» **Instructions for the task**:
Copy the listing exactly, leaving out every picture.

» **Material provided**:
####################

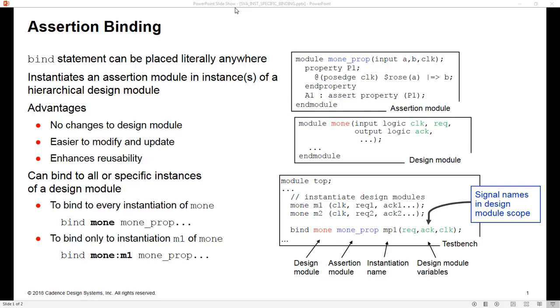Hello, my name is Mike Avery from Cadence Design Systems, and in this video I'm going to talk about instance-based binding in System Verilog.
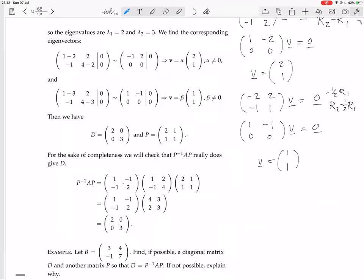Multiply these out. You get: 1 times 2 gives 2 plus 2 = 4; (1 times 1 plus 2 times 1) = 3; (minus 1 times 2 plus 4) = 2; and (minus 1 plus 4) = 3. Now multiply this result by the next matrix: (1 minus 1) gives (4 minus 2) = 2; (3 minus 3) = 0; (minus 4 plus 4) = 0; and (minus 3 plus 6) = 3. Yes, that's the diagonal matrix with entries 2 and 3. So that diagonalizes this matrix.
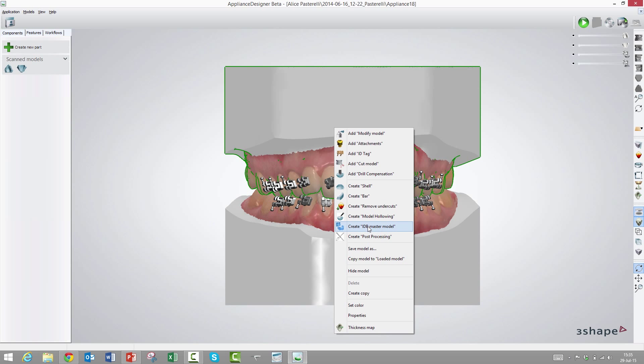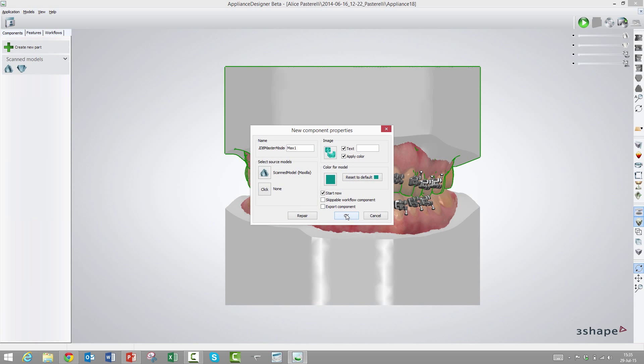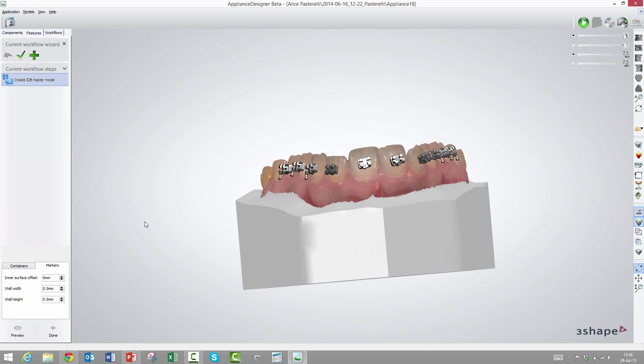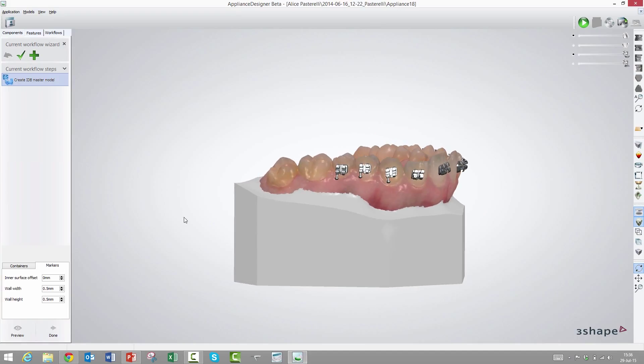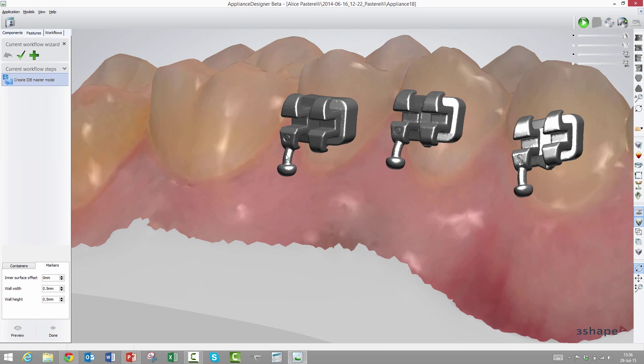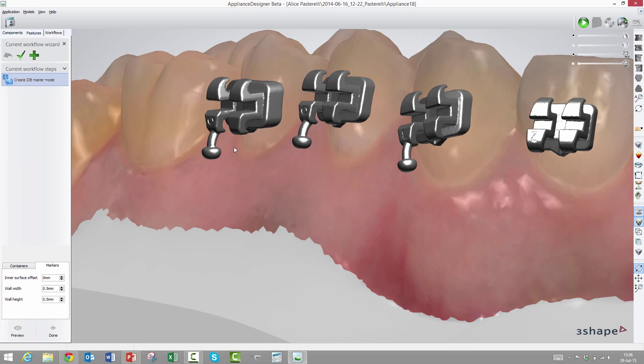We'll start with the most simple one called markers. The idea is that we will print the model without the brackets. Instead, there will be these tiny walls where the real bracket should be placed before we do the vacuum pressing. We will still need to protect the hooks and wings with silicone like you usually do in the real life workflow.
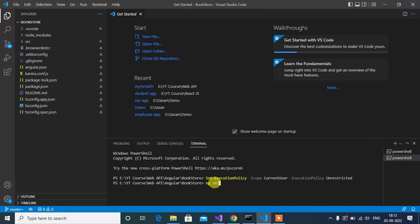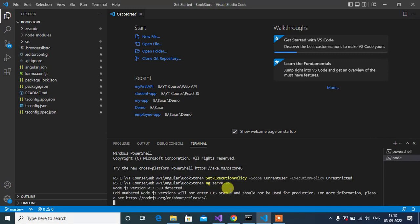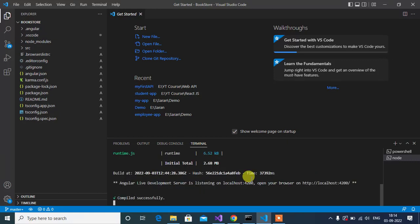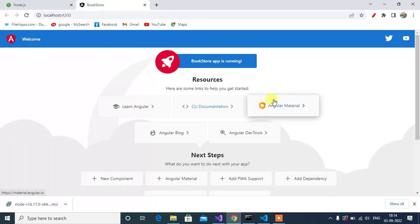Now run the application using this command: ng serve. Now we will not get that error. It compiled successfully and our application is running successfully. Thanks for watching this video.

####################

» **Answer to this task**:
Hello, my name is Mike Avery from Cadence Design Systems, and in this video I'm going to talk about instance-based binding in System Verilog.
Multiply these out. You get: 1 times 2 gives 2 plus 2 = 4; (1 times 1 plus 2 times 1) = 3; (minus 1 times 2 plus 4) = 2; and (minus 1 plus 4) = 3. Now multiply this result by the next matrix: (1 minus 1) gives (4 minus 2) = 2; (3 minus 3) = 0; (minus 4 plus 4) = 0; and (minus 3 plus 6) = 3. Yes, that's the diagonal matrix with entries 2 and 3. So that diagonalizes this matrix.
We'll start with the most simple one called markers. The idea is that we will print the model without the brackets. Instead, there will be these tiny walls where the real bracket should be placed before we do the vacuum pressing. We will still need to protect the hooks and wings with silicone like you usually do in the real life workflow.
Now run the application using this command: ng serve. Now we will not get that error. It compiled successfully and our application is running successfully. Thanks for watching this video.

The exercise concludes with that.